**TASK REQUIREMENTS:** Under this line are records; the part from the line containing "Graphic content /" through the line containing "Ridge cap and" should be repeated exactly. Please exclude pictures.

**RECORD SET:**
—————

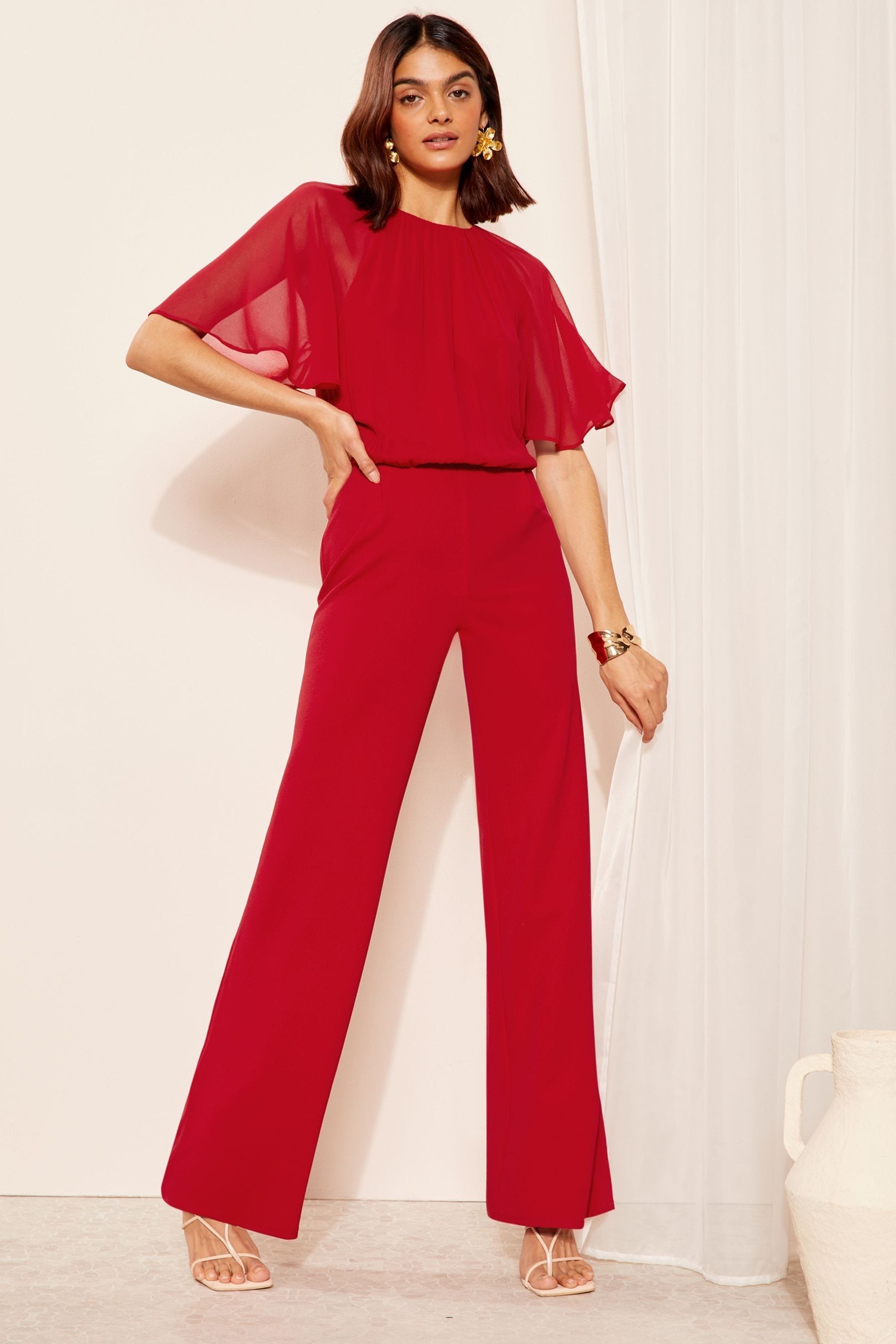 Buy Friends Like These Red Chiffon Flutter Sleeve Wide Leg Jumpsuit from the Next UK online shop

—————

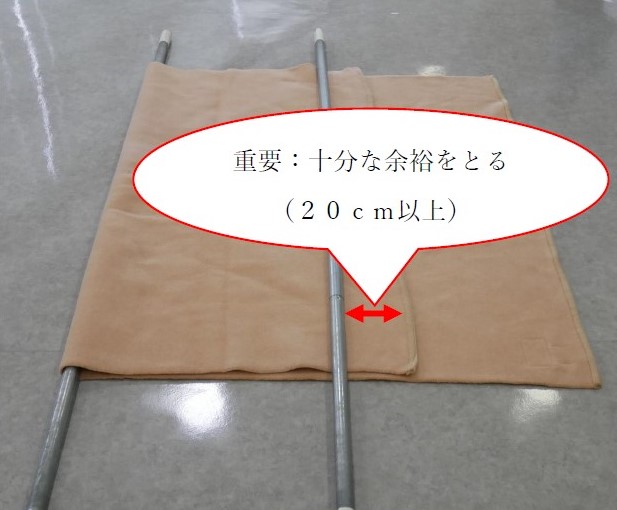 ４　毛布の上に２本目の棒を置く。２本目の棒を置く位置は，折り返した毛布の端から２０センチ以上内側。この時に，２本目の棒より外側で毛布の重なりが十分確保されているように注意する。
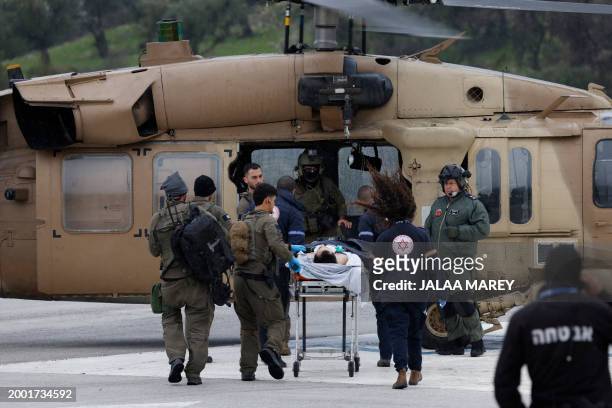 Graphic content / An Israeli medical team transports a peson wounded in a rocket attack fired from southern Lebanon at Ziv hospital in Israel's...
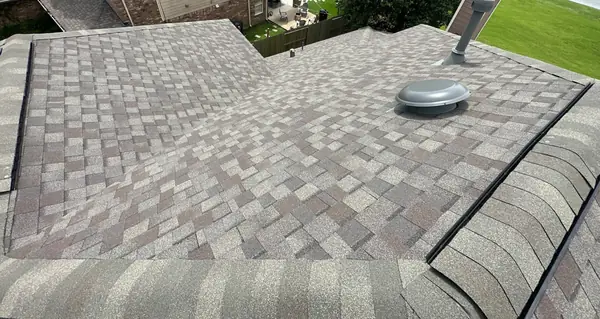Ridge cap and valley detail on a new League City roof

—————

**ANSWER SECTION:**
 Graphic content / An Israeli medical team transports a peson wounded in a rocket attack fired from southern Lebanon at Ziv hospital in Israel's...
Ridge cap and valley detail on a new League City roof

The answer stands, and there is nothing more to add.